Now, fascism (which Benjamin views as Marxism without the dissolution of property/class), is not the first political movement to have used that old lie, “Dolce et decorum est pro patria mori.” Sparta comes to mind, and Rome (that phrase comes from Horace), and the Vikings/Norse all glorified death in battle, to say nothing of the Crusades, the Samurai, WWII-era Kamikaze units (maybe?)… However, fascism’s “logical outcome…is an aestheticizing of political life” (41) which results in war. “War, and only war, makes it possible to set a goal for mass movements on the grandest scale while preserving traditional property relations” (ibid.). In essence, the fascists create an aesthetic glorification of war in order to promote this agenda. If you have ever seen Triumph of the Will, you will know exactly what Benjamin was talking about.

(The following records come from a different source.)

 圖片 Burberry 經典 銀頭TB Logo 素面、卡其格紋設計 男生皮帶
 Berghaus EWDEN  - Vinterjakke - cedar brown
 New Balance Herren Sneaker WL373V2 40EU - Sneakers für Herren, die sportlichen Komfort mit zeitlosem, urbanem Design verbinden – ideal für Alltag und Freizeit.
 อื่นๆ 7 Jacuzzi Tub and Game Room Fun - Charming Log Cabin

Benjamin concludes, famously:
“Fiat ars–pereat mundis,” [Let art flourish and the world pass away] says fascism, expecting from war…the artistic gratification of a sense perception altered by technology. This is evidently the consummation of l’art pour l’art [art for art’s sake]. Humankind, which once, in Homer, was an object of contemplation for the Olympian gods, has now become one for itself. Its self-alienation has reached the point where it can experience its own annihilation as a supreme aesthetic pleasure. Such is the aestheticizing of politics, as practiced by fascism. Communism replies by politicizing art. (42)
I have occasionally had reason to read Benjamin–his essay “The Task of the Translator” is another classic–and I often have this problem where I will have issues with the particulars of his argument but on the whole, I cannot refute his overall point. After reading this essay, I wondered if I could justify watching films that continue to glorify war.

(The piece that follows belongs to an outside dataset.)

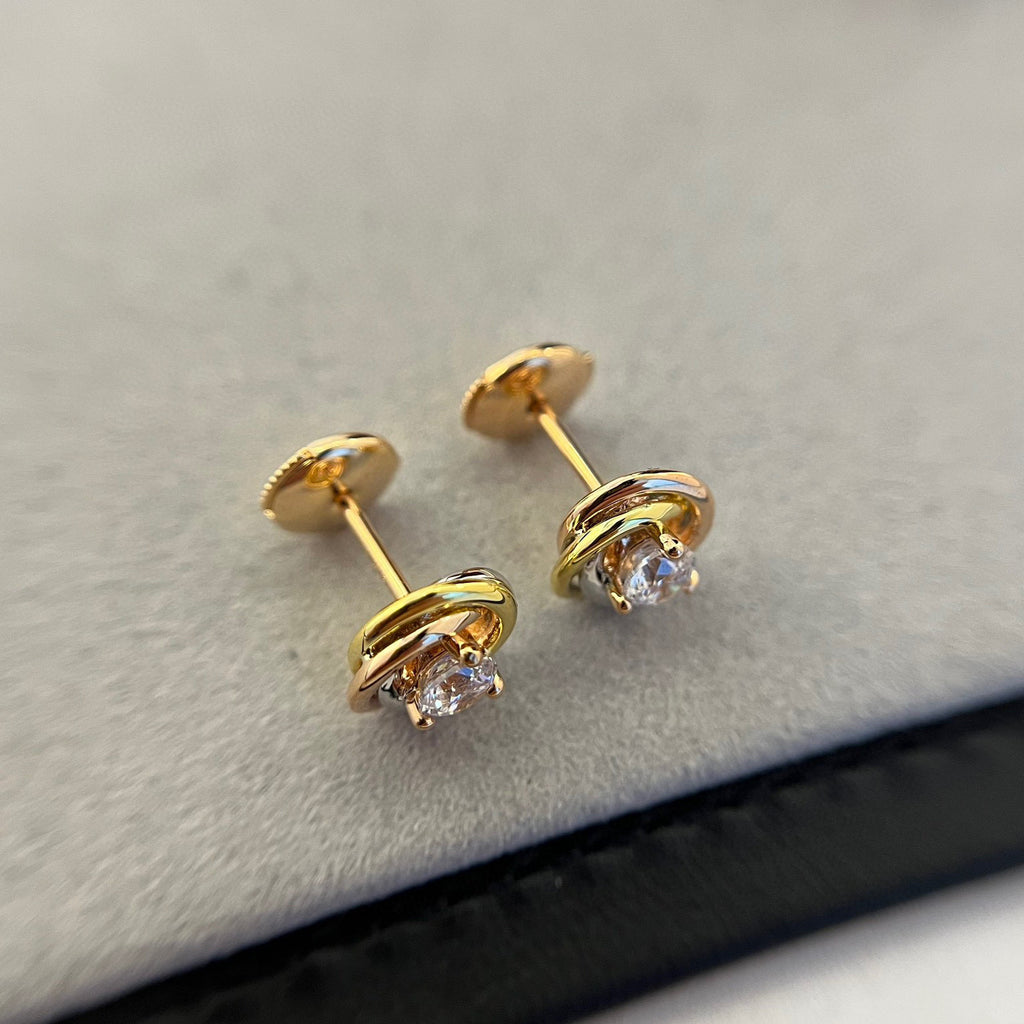 Single Diamond Three-ring Stud Earrings Carved Craft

I’m still going to see Skyfall. But one interesting problem to address in my own writing (as I think the more recent Bond writers have tried to do) will be to examine the non-glorified outcomes of violence.
References
Benjamin, Walter. “The Work of Art in the Age of its Technological Reproducibility.” In The Work of Art in the Age of Its Technological Reproducibility, and Other Writings on Media, edited by Michael W. Jennings, Brigid Doherty, and Thomas Y. Levin, translated by Edmund Jephcott, Rodney Livingstone, Howard Eiland, et al. (19-55) Cambridge, MA: Belknap Press of Harvard University Press, 2008. (Also found here.)